Why would the current through inductor be ramp in this circuit of dc-dc buck converter?

  1. Typically, the analysis of switched mode power supplies is done in a piece-wise linear fashion. This means that the capacitor voltage is considered constant for the duration of a switching period, which would then cause the inductor current to look like a ramp. In reality, the switching frequencies are in hundred's of kHz (up to MHz with GaN devices) and the output voltage does not really change much during this period. Since inductors have quite small resistance (to minimize losses) and the inductor current typically changes ~20% max during one switching period, the voltage across the inductor can truly be considered constant.

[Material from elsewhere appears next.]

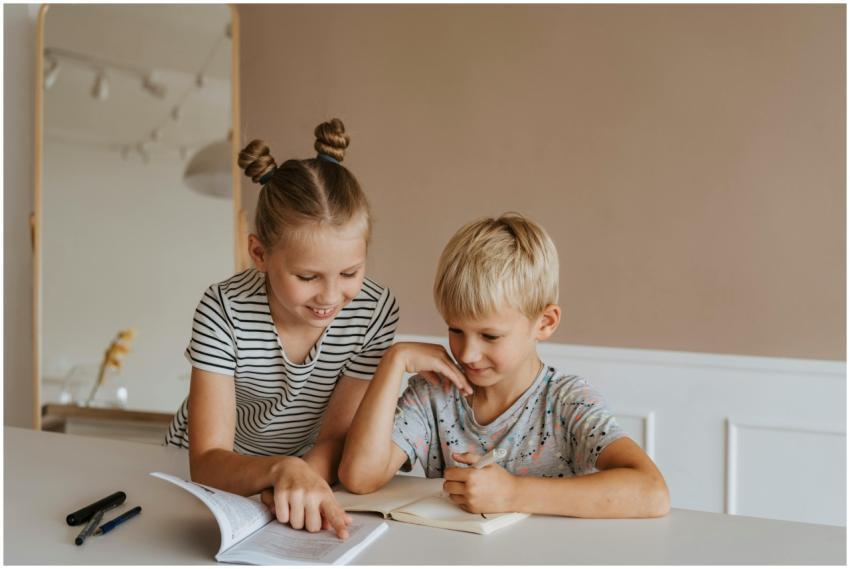 Two kids studying together at home, focusing on a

The resistor in the picture symbolizes the dc/dc converter load and since it is in parallel with the capacitor, the voltage across the load (=resistor) is considered constant as well. The cycle-to-cycle ripple in the output voltage is ~ very small, typically <1%. This is the reason why the simplified first-order (inductor only) analysis is feasible.

The large value of capacitance reduces the change in output voltage and so the voltage across inductor remains constant. This would mean that load current and hence output voltage is not really constant. Why is this acceptable?

What would be the nature of voltage across the capacitor(output voltage?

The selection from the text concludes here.